Athens, which got a four-month extension of a financial rescue from the eurozone last month, has sought to assure its lenders that such measures will not burden the budget while showing Greeks that it is sticking to pre-election pledges.
“The deep recession due to austerity policies and the economic crisis in the past six years had a dramatic social impact,” said the bill, which was tabled late on Tuesday. “This draft law aims at tackling the humanitarian crisis through measures which ensure access to basic goods.”
During a cabinet meeting last week, Prime Minister Alexis Tsipras said that improving living conditions of those hurt by the crisis was the government’s “foremost duty”, but reiterated Athens was still committed to a balanced budget.
The government’s first bill foresees the restoration of electricity connections in primary residences by the end of 2015. The long-term unemployed and families with young children will have priority. About 300,000 Greeks will get food vouchers.
A rent allowance of up to €220 a month for 30,000 households is also included in the bill, whose total cost is estimated by the government at about €200 million.
The government also wants to appoint a general secretary who will coordinate and supervise authorities fighting corruption.
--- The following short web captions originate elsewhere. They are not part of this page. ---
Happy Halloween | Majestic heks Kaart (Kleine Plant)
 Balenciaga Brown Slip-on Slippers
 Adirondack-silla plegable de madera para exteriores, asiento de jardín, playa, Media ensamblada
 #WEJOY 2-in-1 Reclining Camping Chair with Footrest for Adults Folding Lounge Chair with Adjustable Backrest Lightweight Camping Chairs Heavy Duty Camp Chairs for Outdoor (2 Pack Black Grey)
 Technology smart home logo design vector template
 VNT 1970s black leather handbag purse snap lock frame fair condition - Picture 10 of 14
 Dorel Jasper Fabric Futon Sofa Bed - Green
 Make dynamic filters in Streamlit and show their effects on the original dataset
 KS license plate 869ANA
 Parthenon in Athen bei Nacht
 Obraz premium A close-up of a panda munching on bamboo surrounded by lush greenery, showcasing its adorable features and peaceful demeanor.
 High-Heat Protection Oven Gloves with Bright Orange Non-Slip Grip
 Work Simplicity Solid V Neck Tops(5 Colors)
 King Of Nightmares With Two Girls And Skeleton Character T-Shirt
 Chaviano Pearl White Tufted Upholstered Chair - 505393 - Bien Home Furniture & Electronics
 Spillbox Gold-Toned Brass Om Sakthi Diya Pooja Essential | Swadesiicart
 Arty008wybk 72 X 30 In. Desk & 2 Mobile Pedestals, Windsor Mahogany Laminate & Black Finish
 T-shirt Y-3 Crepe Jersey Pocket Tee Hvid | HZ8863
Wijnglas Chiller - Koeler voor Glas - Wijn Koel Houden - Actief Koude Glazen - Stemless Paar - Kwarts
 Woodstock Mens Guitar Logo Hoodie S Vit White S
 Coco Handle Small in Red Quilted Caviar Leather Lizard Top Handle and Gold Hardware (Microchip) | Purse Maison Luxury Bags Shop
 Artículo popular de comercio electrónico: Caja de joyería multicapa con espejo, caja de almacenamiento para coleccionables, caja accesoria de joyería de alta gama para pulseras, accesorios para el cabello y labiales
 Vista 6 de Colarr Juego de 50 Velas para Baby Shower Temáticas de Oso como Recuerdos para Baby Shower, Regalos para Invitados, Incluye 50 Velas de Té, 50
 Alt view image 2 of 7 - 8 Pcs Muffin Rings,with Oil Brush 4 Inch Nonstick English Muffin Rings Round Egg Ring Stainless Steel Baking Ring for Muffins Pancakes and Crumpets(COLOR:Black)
Two more bills are expected to be tabled this week. One is aimed at giving incentives to debtors to settle tax and pension fund arrears. Athens hopes that will help offset a steep fall in tax revenues which has added pressure on the government.
Greece has received two EU/IMF bailouts totalling €240 billion since its worst debt crisis in decades broke out. The austerity programme imposed as a condition of the bailout has left one in four people out of work.
The Syriza party was elected on 25 January on promises to end the belt-tightening that came with the bailouts by raising wages and pensions and reversing some unpopular reforms. But with state revenues and liquidity in Greek banks dropping rapidly since the vote, Athens was forced to request an extension to its EU/IMF loan agreement instead.
It got a four-months breather after a reform list, which included cracking down on tax evasion, was approved by its lenders. Even so, the government was forced to give way on some of its pledges. Greece is not due to receive any financial aid until it specifies its planned reforms.
Despite rifts in the party because of the concessions it made, polls show Syriza’s popularity rising. An MRB survey published on Tuesday put its support at 41.3%.
But shut out of debt markets and with international lenders on hold, Athens is scrambling to cover its funding needs this month.
“We know that March is a difficult month,” said Gabriel Sakellaridis, a government spokesman. “All of our obligations will be repaid on time … in order not to have any problems with our lenders, or at home.”